>>>

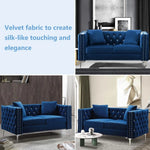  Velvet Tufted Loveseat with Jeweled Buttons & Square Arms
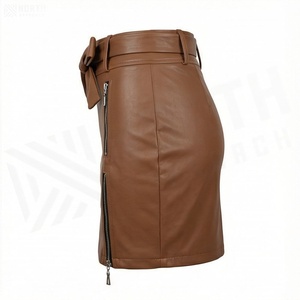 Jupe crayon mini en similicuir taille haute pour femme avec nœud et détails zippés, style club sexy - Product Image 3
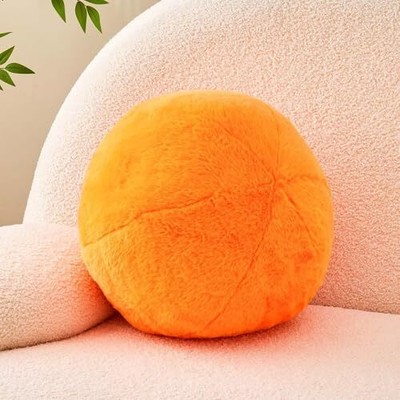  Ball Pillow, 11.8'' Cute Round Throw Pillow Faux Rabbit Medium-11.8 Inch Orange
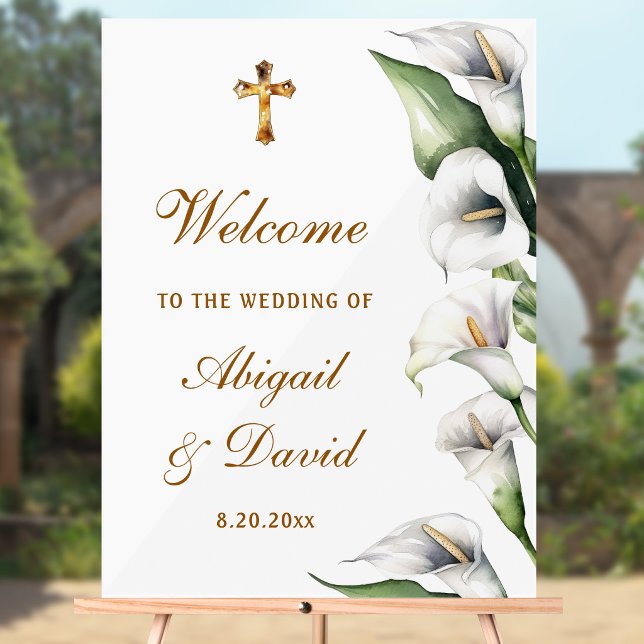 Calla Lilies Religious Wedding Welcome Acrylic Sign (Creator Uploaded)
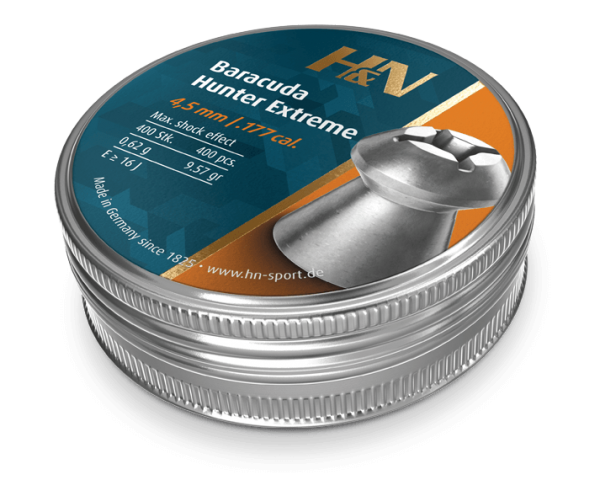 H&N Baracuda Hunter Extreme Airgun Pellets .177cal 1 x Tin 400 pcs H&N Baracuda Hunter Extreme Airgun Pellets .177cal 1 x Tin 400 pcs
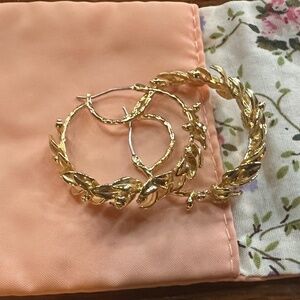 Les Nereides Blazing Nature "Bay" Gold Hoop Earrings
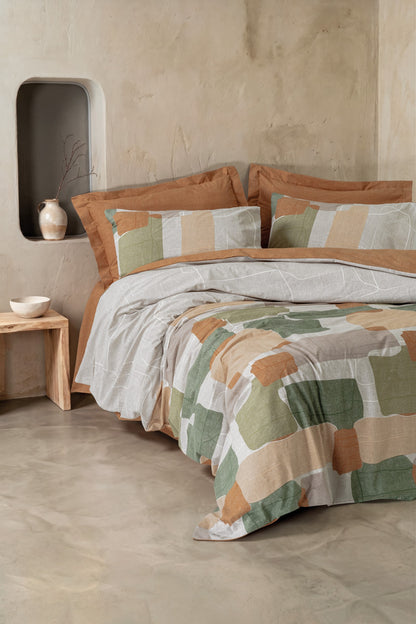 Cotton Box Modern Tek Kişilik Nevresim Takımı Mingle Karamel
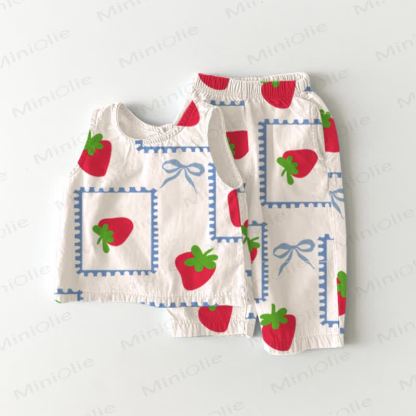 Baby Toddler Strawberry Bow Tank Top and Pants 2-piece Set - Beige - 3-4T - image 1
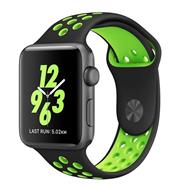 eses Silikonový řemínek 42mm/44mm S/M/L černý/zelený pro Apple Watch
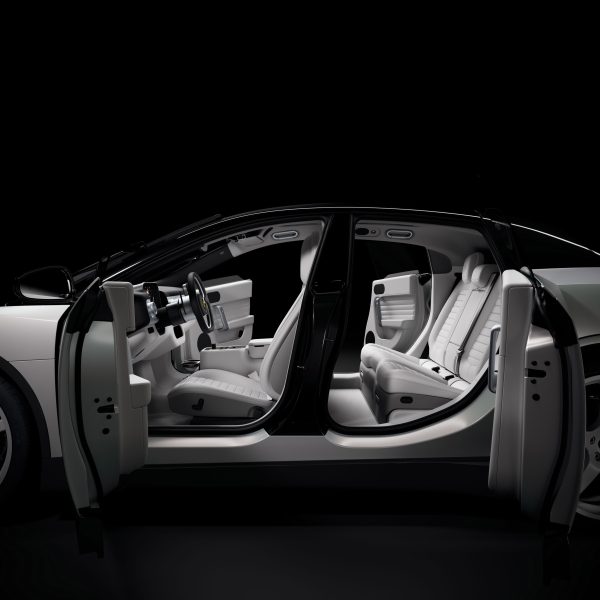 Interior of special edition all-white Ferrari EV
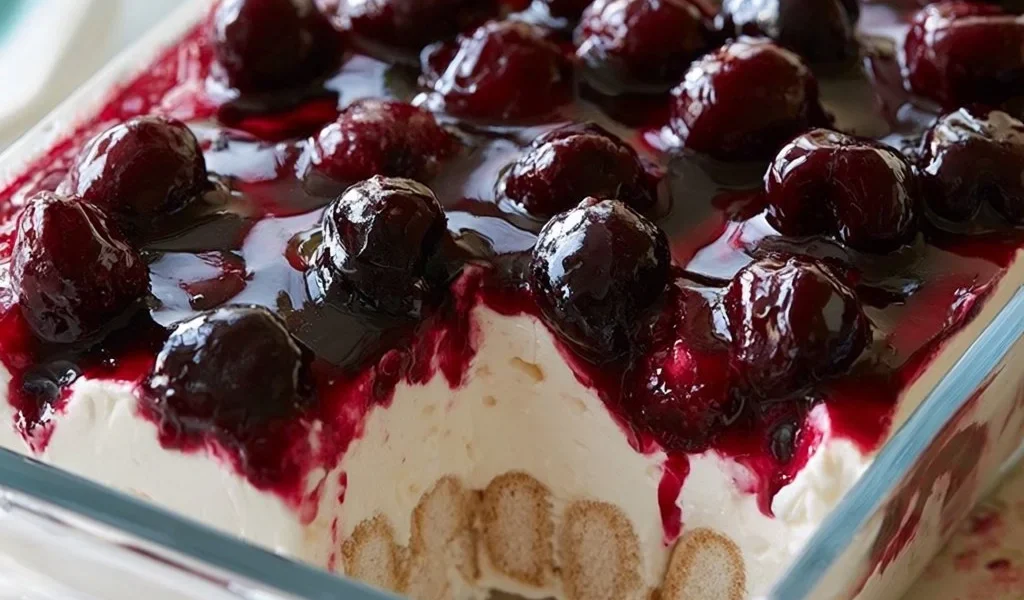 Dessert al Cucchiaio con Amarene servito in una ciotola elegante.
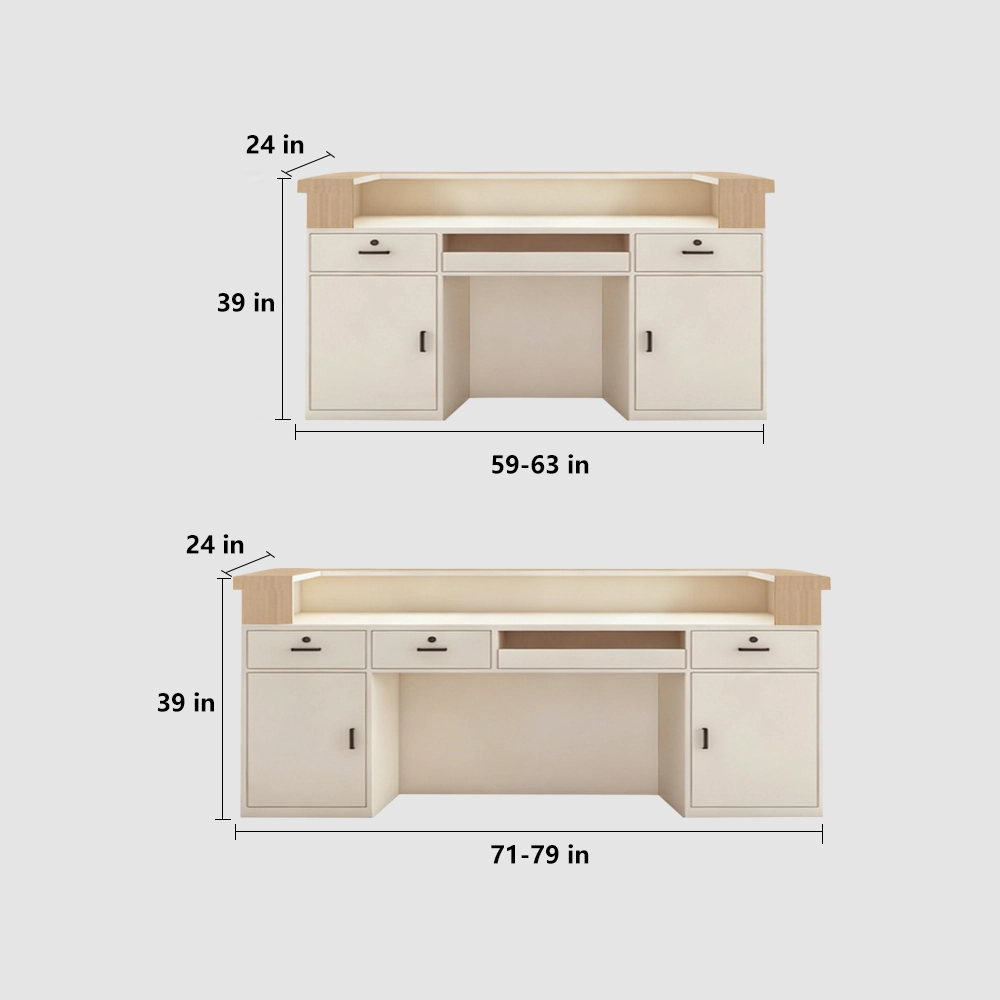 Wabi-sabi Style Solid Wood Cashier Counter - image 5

<<<

## [What the task requires]
Strip out the pictures and reproduce the remaining material above exactly.

## [Output for this task]
  Velvet Tufted Loveseat with Jeweled Buttons & Square Arms
 Jupe crayon mini en similicuir taille haute pour femme avec nœud et détails zippés, style club sexy - Product Image 3
  Ball Pillow, 11.8'' Cute Round Throw Pillow Faux Rabbit Medium-11.8 Inch Orange
 Calla Lilies Religious Wedding Welcome Acrylic Sign (Creator Uploaded)
 H&N Baracuda Hunter Extreme Airgun Pellets .177cal 1 x Tin 400 pcs H&N Baracuda Hunter Extreme Airgun Pellets .177cal 1 x Tin 400 pcs
 Les Nereides Blazing Nature "Bay" Gold Hoop Earrings
 Cotton Box Modern Tek Kişilik Nevresim Takımı Mingle Karamel
 Baby Toddler Strawberry Bow Tank Top and Pants 2-piece Set - Beige - 3-4T - image 1
 eses Silikonový řemínek 42mm/44mm S/M/L černý/zelený pro Apple Watch
 Interior of special edition all-white Ferrari EV
 Dessert al Cucchiaio con Amarene servito in una ciotola elegante.
 Wabi-sabi Style Solid Wood Cashier Counter - image 5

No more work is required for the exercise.